Anyway, we eventually found him. He had ridden a waterslide with my wife earlier and decided, 'That was fun, I'm gonna do it again.' He had gone back to get in line for the waterslide by himself, and they found him about two people from the front of the line." —u/RoboNinjaPirate
16. "My toddler grabbed a stick of butter out of the fridge and tossed it into the fish tank. Minutes later, all the fish were floating dead in the fish tank."
"Last time we owned fish." —u/earthenfirebrand
17. "My 5-year-old had a drawer of plastic cups that were always accessible to him. He could get a cup, fill it at the sink, and get a drink of water whenever he wanted. He had been doing it since he was 3. One day, he decided he wanted an actual glass of water. I got up to pee — away for literally a second — and he pulled out a chair, moved the chair to the kitchen counter, climbed the chair, and used the shelves to climb up to the glasses. I walked back into the kitchen the moment the top shelf broke. He fell backward."
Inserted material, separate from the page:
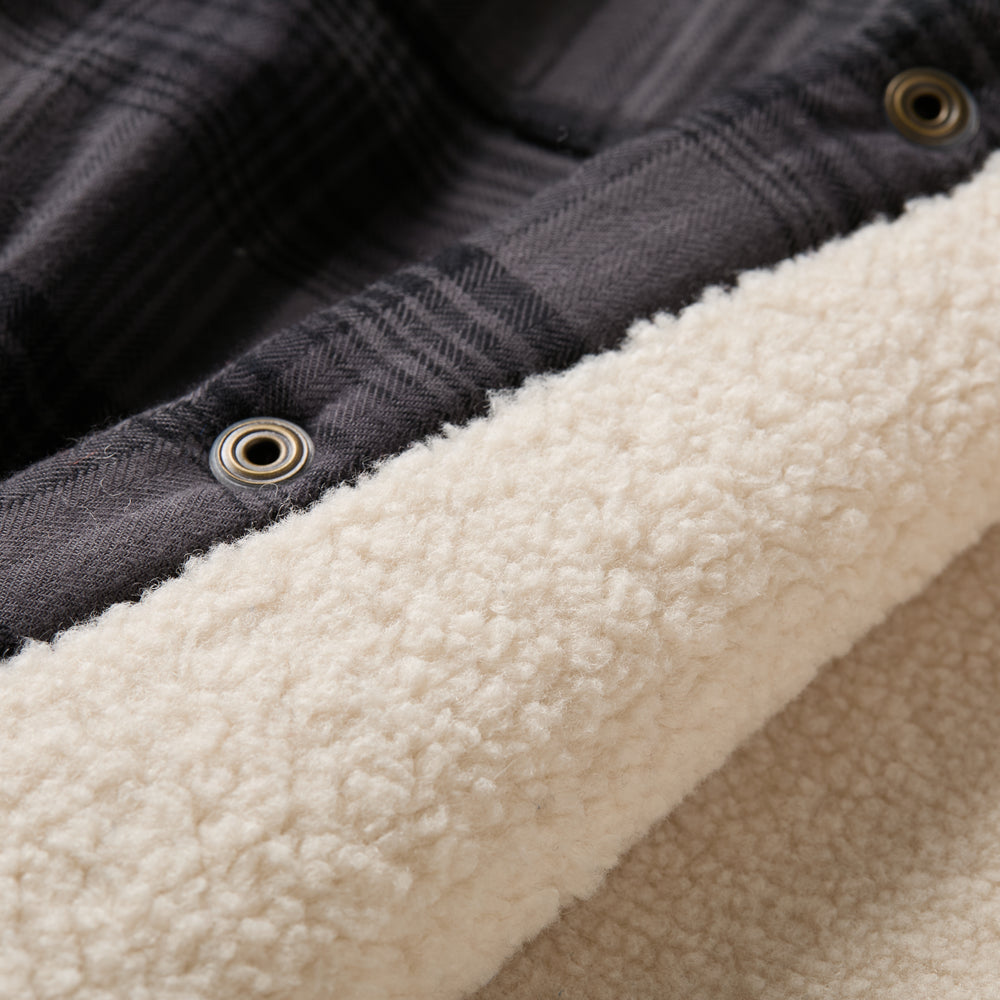 Close-up of Pladra Men's Northwood Sherpa Insulated Flannel Jacket in Deadwood Black with soft sherpa fleece lining.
"I dove forward and caught my son in midair, moments before his back landed in a pile of shattered pint glasses. My forearms, hands, and wrists were all embedded with broken glass. Anyway, it was quite a day." —u/MajorasJock
18. "I had taken my 4-year-old daughter into a public toilet in France, which was next to a main road. As we left, I let go of her hand for a split second as I looked away to close the door behind us. When I looked back, she was running into the main road as she'd seen her Mum on the other side."
"From where I stood, my view of the road was obstructed, so I couldn't see if any cars were coming, and she had gone too far for me to catch her. By a complete miracle, she got safely over the road. It sends shivers down my spine remembering the helpless terror I felt when I saw her in the middle of the road." —u/Goose-rider3000
19. "I was 2 years old at the time. We were at the beach. About two feet into the sea, there's a shelf where it suddenly gets twice as deep. My parents were distracted by my brother, so they didn't notice me wander into the surf. When they next looked up, all they could see was my hat away floating on the water."
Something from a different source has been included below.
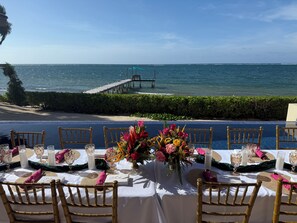 Une table à manger avec des chaises, une vue sur la mer et une jetée en arrière-plan.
"Panic set in, and my dad sprinted into the sea. They discovered that I was still wearing the hat and somehow floating completely vertical with just the hat showing above the water." —u/lankymjc
20. "My sister baked some cookies for work. When her 3-year-old daughter saw them, she asked for one. Instead of explaining she wasn’t allowed to have one, my sister said they were 'yucky.' Confident that her lie was successful, she turned to finish cleaning. My sister turned around just in time to see all the cookies slide off the plate into the garbage."
"Her daughter smiled and just said 'yucky.'" —u/DickyBurd
21. "I was at my buddy's place, sitting in the garden with a beer. His kids were 7 and 5 — both super nice. Out of nowhere, the eldest calmly walks up behind his dad and takes a full home-run swing at his head with his foam bat. Fucking clobbers him. This bat is coated in foam, but it's still wood beneath it, so it's basically mid-level assault, maybe attempted murder. Dazed, the dad turns round to defend himself, at which point the youngest sees his opportunity, grabs the beer from the table, and starts chugging it."
"Not just drinking it, full-on frat boy chugging it out of nowhere. In the three seconds it takes me to recover from the shock and reach across the table to stop him, the kid drank about two-thirds of the bottle. It's not much for an adult but a lot for a kid weighing about 14 pounds.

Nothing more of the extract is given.